# Phishing: Verbindungsgebrüll bei Autoscout24.de



## sascha (4 Juli 2006)

Nie dort angemeldet, nie ein Auto gekauft/verkauft. Dennoch heute Abend folgende Mail:



> Sehr Autoscout24 Mitglied,
> 
> Es gibt ein Problem mit Ihrem Autoscout24 inserate.
> 
> ...



Am Besten gefällt mir dabei das Verbindungsgebrüll


----------



## Captain Picard (4 Juli 2006)

*AW: Phishing: Verbindungsgebrüll bei Autoscout24.de*

das ist ja fast reines Hochdeutsch, schon wesentlich besser als das hier 
http://www.redferret.net/wp-content/plugins/translator.php?l=de&u=http://www.redferret.net/?p=2576


> LIEBER Citicard Cleints,
> 
> This_ email war sentt by_the_ CITI_bank _server_ veerify deine _email_ Adresse.

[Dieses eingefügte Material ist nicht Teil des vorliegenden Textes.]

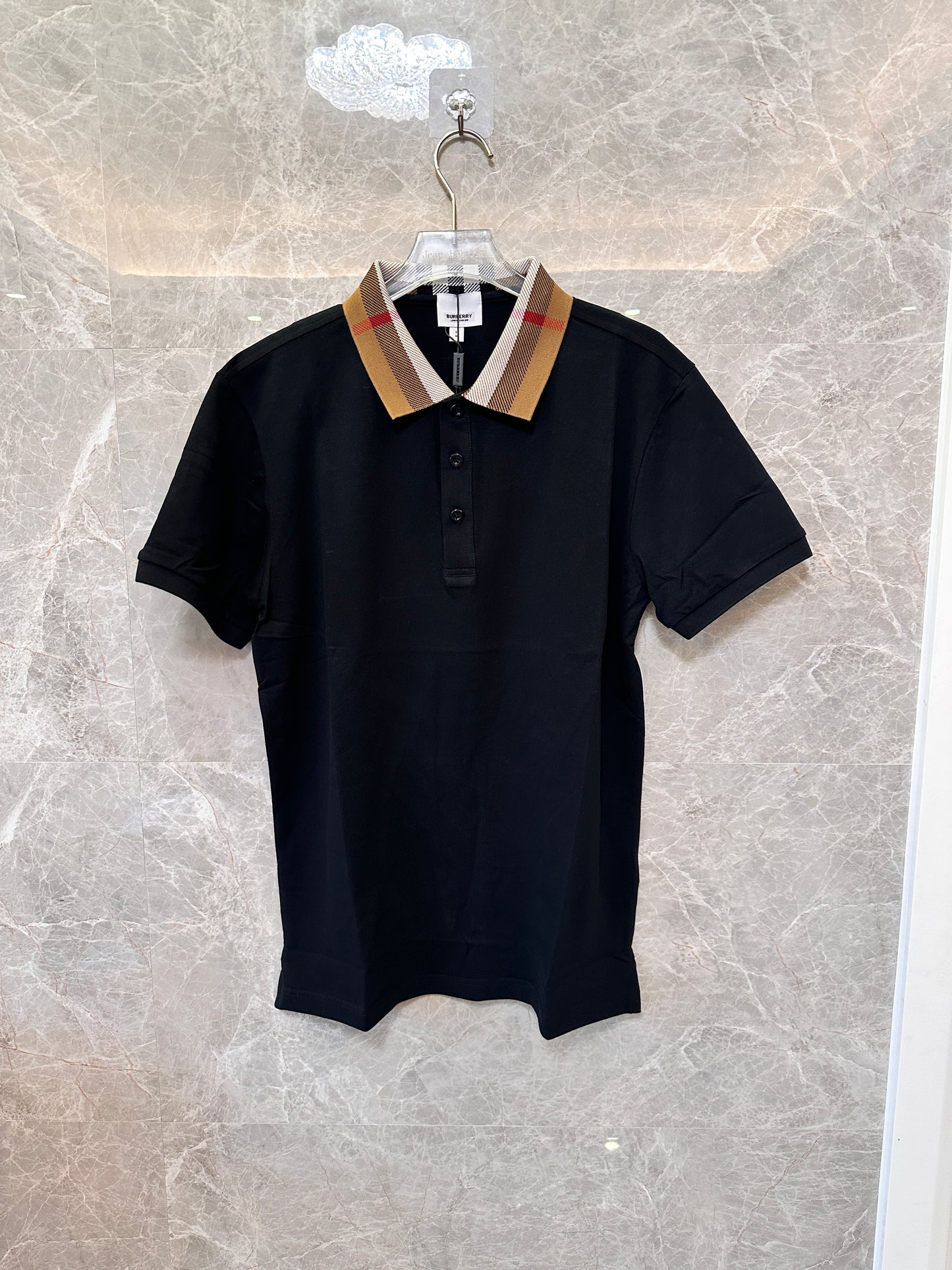 Polo de algodón Burberry con cuello a cuadros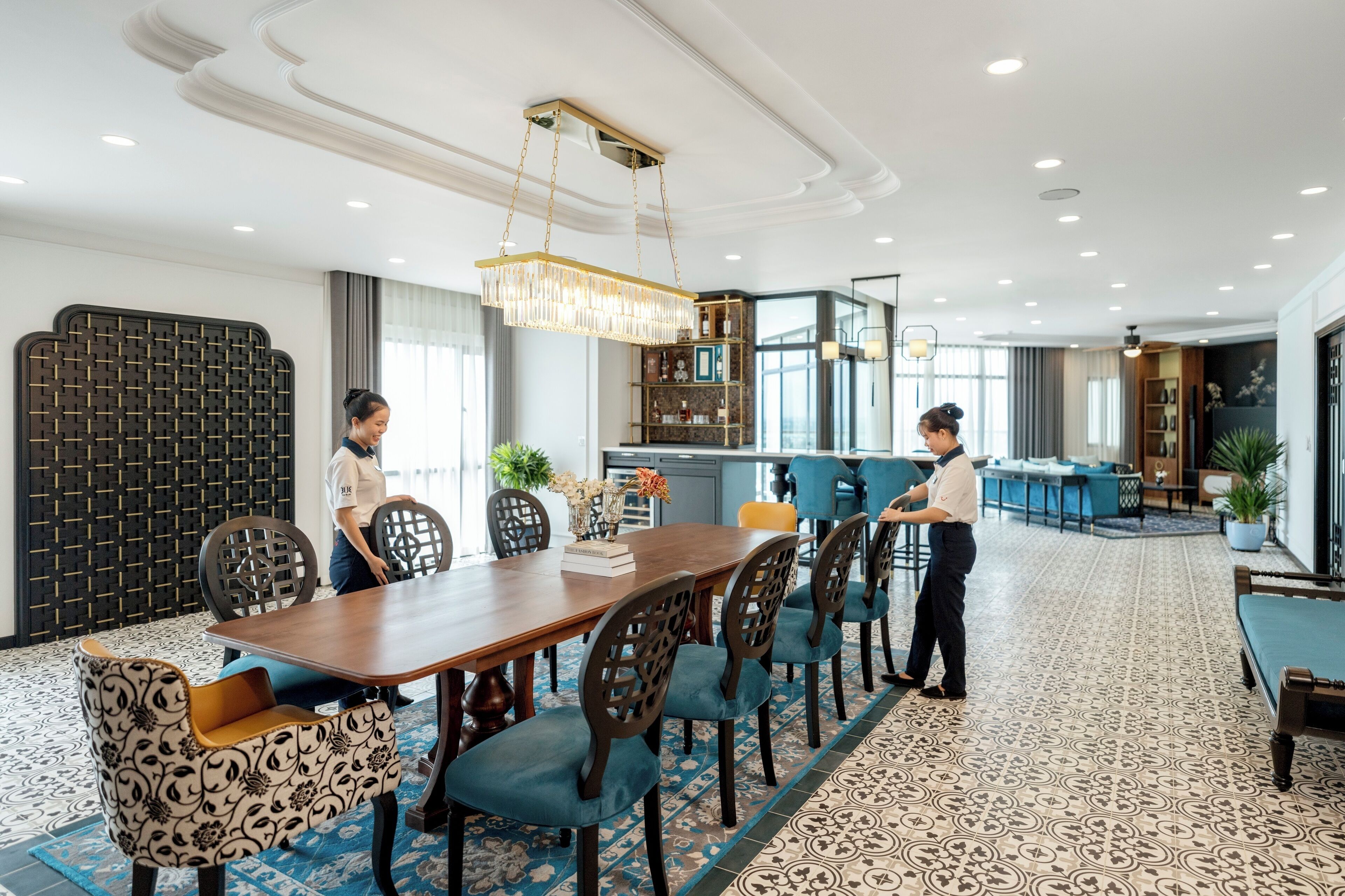 A hotel dining area with a long wooden table, blue upholstered chairs, and a chandelier.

Du dieses musst cmpltoee pceorss durch das Klicken auf the_ *Verbindung Gebrüll *und das Enttering im smal winndow dein Citibank Atm_ Karte nummber und STIFT diese you_use on_the ATM Maschine. Das ist getanes for_your poetrction - k becaurse etwas of_our membres kein logner haben Zugang zu ihren email adedessrs und wir müssen ihn überprüfen.'


----------



## Greenhorn (4 Juli 2006)

*AW: Phishing: Verbindungsgebrüll bei Autoscout24.de*

Na, ob die Erfolg haben ...?


----------